One of my favorite Marillion tunes is “Lavender” as it pulled bits from Joni Mitchell and lyrically reminisces through the folk song “Lavender Blue.” It takes influences from classic rock and layers it with touches of hair metal in the guitars. Couple that with the childlike ditty fused into the chorus and the listener is treated to a provocative and playful anthem. Also…that achingly sweet, yet robust voice…
Deciding to continue his musical journey solo, Fish hoped to have a more creative force in his productions. Again, he wanted to bring the people together that he needed in order to create the music he felt within. He began to not only create music but to write. He would travel and journal, expressing the beauty he saw around him in fine detail.
His first solo album released in 1990 with the title Vigil in a Wilderness of Mirrors. It showcased Fish vocally and lyrically as the phrases and melodies blended into a story for the mind. The final track on this album is likely my favorite, as it is his take on a love song… we listened to it above. Offering a light dose of chagrin, Fish muses in the song about the overwhelming lack of poetry available when expressing the sincerity of love. The song finishes with the realization that the “Cliché” is the best way as it’s never really about the words: it’s about the emotion fueling them. It’s an endearing tribute to the honesty of lasting affection.
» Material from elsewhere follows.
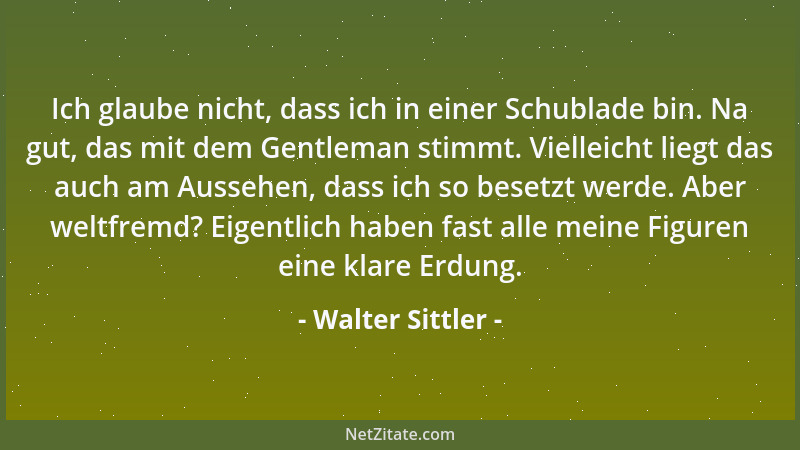 Walter Sittler - Ich glaube nicht, dass ich in einer Schublade bin. Na gut, das mit dem Gentleman stimmt. Vielleicht liegt...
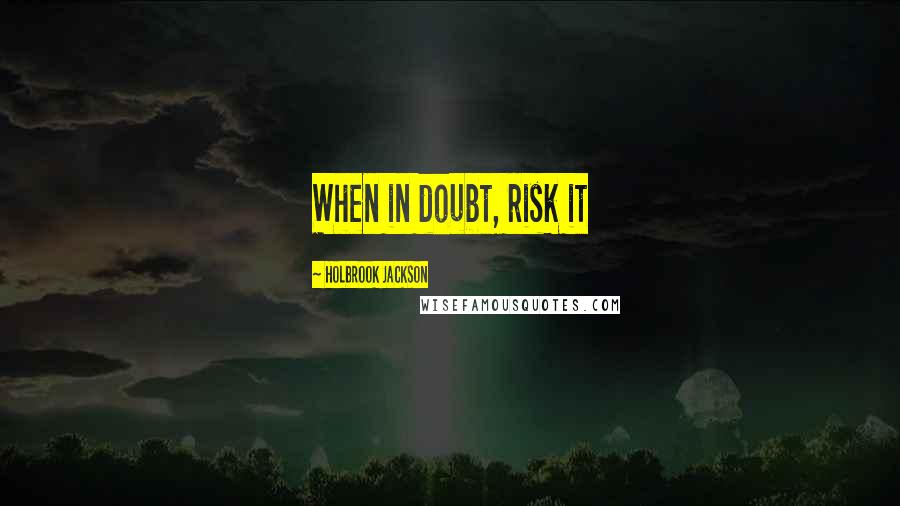 Holbrook Jackson Quotes: When in doubt, risk it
Fish released a new solo album in 2013, A Feast of Consequences. A beautifully sincere and poetic look at life, each song carries some insight to which the listener can relate whether it be heartache, the progression of time, or admitting one’s mistakes. It has a refined weight to its truth.
Fish is still creating music and memories, and building relationships with his loyal fanbase. Although he recently announced his plans to retire from touring, he’s not quite done, yet. He also plans to release one more solo album. And as a lovely way to come full circle, he is celebrating the 30th anniversary of Marillion’s Misplaced Childhood with his poetically titled “Farewell to Childhood” tour. He will perform the entire album for a few select shows this summer.
April 25 marks Fish’s birthday, and I’d love to wish him a happy one from us at UTBGeek. His music is a truly beautiful gift, deserving of praise. Although he is rounding out the final act in his career, I’m glad that we have such a rich history to relive in his sound.